### Work request
In the records below, repeat word for word only the lines starting at the one that contains "PORTMEIRION Minerals Stoneware" and ending at the one that contains "SEERSUCKER DUVET COVER", pictures excluded.

### Given data
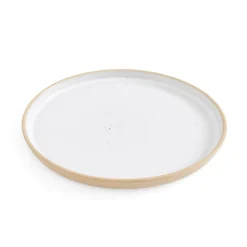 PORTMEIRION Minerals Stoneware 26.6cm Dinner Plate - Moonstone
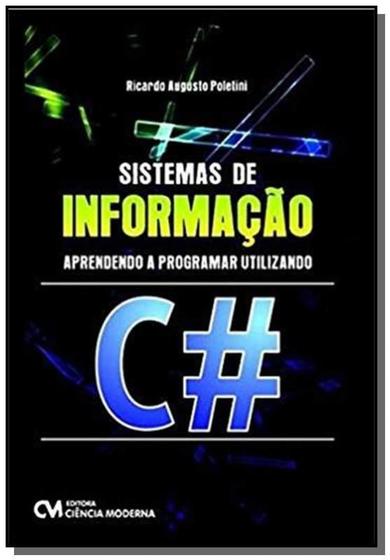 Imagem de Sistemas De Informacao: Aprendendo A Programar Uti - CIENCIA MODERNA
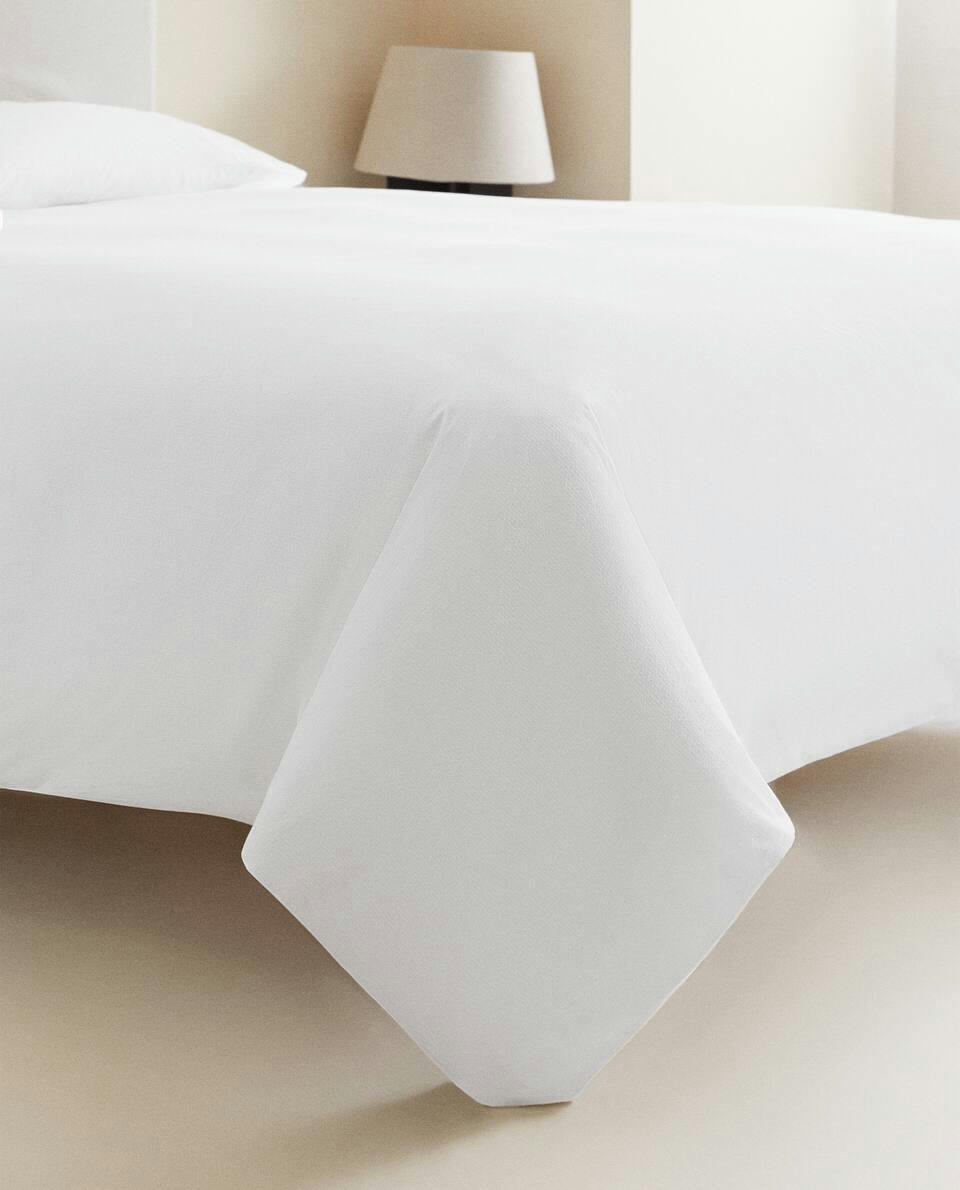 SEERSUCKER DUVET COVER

--

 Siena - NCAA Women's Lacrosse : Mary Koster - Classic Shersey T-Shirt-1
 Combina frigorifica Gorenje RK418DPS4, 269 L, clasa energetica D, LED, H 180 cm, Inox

### Completed exercise
 PORTMEIRION Minerals Stoneware 26.6cm Dinner Plate - Moonstone
 Imagem de Sistemas De Informacao: Aprendendo A Programar Uti - CIENCIA MODERNA
 SEERSUCKER DUVET COVER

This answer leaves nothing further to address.